School is out! An exciting time when most kids are thinking about sleeping in and spending their days at the pool. However, for some military kids they are gearing up for yet another move and starting a new school. In fact, military children move between six and nine times during their educational careers from kindergarten through high school. Whether you are coming from overseas or across the country, or just the next state over, moving can be stressful. Below are 8 tips to ease the school transition.

1. Connect with Your School Liaison Officers (SLO)

SLOs are there to provide information and referral about schools and services that are available on and near the installation. They can also provide resources to help ease the anxiety/sadness a child may be feeling due to a move. You can contact your installation's school liaison to connect with the school liaison at your new location. You can also find each services school liaison directory at: www.dodea.edu/partnerships.
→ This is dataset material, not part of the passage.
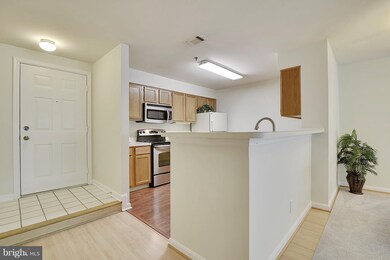 Quaker Hill Community unit 226, Alexandria, VA 22314 - photo 3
2. Create a Binder for School Records

Put important educational paperwork in a binder to hand carry with you to your next location. Keep each child's information in a separate binder of separate tab of the binder. Include an unofficial copy of school records, report cards, copies of birth certificates, immunization records, IEP's and/or 504's, and any records from specialists your child was seeing. Your SLO will have a checklist to help make this process easier.

3. Put Together a School Contact List

Have names, phone numbers, and email information from your child's old school on hand, in case the new school has questions that could assist in your child's education. For older students, especially high school students, compile contact information for teachers and coaches at the previous school who might be future references for your child.

4. Become Familiar with the School Curriculum

If the school knows what curriculum and textbooks were used at your previous location, it will help the administration in placing your child in the appropriate classes. This is especially beneficial for high school students. Write down the names of the books that your child used in his or her last school, or take a photo of the covers and table of contents as a starting point.

5. Get To Know Your New School Board

Getting to know your School Board will give you an insight into the district. Visit the district web page and look for school board or cabinet. View board agendas and minutes from past meetings. This will give you an idea of topics that are current for them (construction, safety etc).

6. Meet With The Special Education Director

If you have a child who has special needs, meeting with the Special Education Director will be beneficial. You are your child's biggest advocate and working with the Special Education Team will allow you to help shape their learning experience. Also, be sure to take advantage of any EFMP services that are available to you. Your school liaison can help you connect with the EFMP liaison.

7. Familiarize Yourself With The Interstate Compact

The Interstate Compact on Educational Opportunity for Military Children is in place to help reduce transition issues. Your SLO can provide a copy of the Parent's Guide to The Compact or help you understand your state's Compact language.

8. Utilize All The Military Resources That Are Available To You

There is a plethora of military resources available to families. School Liaison Officers, Fleet and Family Support Centers, Military OneSource, Tutor.com, Military Child Education Coalition, and Military Interstate Children's Compact Commission are just a few of them. Contact your SLO for more resources.